Seeing the Statute of Liberty off in the distance made me wonder how the immigrants must have felt. I know how I feel so I can’t imagine the emotion that stirred within them. A symbol of freedom. I appreciate being a citizen of the United States.
We came into New York up the River on a Sunday. The ferry and boat traffic was incredible and the throngs of people everywhere one looked was mind boggling. Heavy security was prevalent. Coast Guard boats with automatic weapons came alongside our boats. Helicopters hovered by the United Nations.
The trip today invoked an array of feelings and emotions. The exhilaration I felt as we passed under Throggs Neck Bridge and headed down the East River to the City lifted my spirits high. Going down through the infamous Hell Gate and up the East River we passed the prison on Riker’s Island and it made me reflect upon all the bad people in there and why were they so bad. Planes flew out of the ground into the air at LaGuardia. Children played basketball and soccer along the shore while families enjoyed picnics. There were ruins and traffic and the noise going under the bridges from the cars and trucks overhead was like thunder up close.

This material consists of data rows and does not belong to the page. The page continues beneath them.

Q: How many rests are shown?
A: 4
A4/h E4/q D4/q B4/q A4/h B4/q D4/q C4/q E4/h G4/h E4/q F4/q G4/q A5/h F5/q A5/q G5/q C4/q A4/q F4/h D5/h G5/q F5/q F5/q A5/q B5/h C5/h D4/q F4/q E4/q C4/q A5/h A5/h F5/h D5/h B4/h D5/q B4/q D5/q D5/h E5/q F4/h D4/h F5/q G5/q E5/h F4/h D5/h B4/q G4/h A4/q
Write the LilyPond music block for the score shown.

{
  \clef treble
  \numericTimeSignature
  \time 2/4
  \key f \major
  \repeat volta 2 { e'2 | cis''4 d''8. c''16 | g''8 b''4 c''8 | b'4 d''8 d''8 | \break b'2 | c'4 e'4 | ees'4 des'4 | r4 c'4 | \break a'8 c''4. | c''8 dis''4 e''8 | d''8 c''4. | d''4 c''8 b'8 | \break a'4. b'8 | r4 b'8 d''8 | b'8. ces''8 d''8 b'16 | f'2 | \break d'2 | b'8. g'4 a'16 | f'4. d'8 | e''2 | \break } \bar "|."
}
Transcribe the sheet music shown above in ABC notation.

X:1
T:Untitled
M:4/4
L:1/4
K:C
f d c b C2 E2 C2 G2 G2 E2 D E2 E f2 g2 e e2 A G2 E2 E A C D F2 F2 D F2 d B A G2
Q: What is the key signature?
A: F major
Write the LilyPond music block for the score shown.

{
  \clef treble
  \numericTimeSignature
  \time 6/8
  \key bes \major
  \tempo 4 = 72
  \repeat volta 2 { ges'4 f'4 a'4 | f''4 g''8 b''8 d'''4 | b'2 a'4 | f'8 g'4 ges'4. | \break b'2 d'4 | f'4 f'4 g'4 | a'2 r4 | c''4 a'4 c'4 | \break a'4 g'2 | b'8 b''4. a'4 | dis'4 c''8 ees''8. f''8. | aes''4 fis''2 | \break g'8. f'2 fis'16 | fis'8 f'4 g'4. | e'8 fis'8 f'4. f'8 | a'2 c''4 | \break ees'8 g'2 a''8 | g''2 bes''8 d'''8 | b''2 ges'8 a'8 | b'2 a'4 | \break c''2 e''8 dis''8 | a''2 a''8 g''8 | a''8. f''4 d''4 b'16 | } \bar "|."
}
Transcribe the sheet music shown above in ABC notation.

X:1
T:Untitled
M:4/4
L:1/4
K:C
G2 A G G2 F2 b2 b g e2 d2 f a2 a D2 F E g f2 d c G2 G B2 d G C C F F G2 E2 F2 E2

The construction of the new tower where the twin towers once stood was impressive to say the least. Billy, Linda and I went into the city up the Hudson where we imagined Sully landing “we’re going down in the Hudson” and what it must have been like for those people standing on the wing knowing they were alive. We circumnavigated the site of the 9/11 attack and talked about what it would have been like and couldn’t fathom what the people went through. Tickets to actually get in weren’t available but the city adventure was well worth the $3 per foot to dock the boat for a couple hours. The memorials are heartbreaking. The air feels thick. There is security and police everywhere. The construction of the new building made me ponder the resilience and perseverance of the New York people. Ladder Co. 10 adjacent to the site and the firefighter memorial made you stop, stare and be there almost trance like without realization. Trying to mail some post cards there were no street side boxes. Sitting for a sandwich, when I asked a couple people if they could drop my postcards in the mail at their office, they were hesitant and not trusting of me. The third person I asked was a couple women sitting beside us. They took the post cards, with hesitation. Come to find out one of them was in town from Marshfield, the town right beside Scituate. Today was a day that exhausted you from being happy, exhuberant, exhilarated to saddened, contemplative and appreciative of what you have. A big high to a big low — but bringing yourself back up in true admiration of these people we call New Yorkers.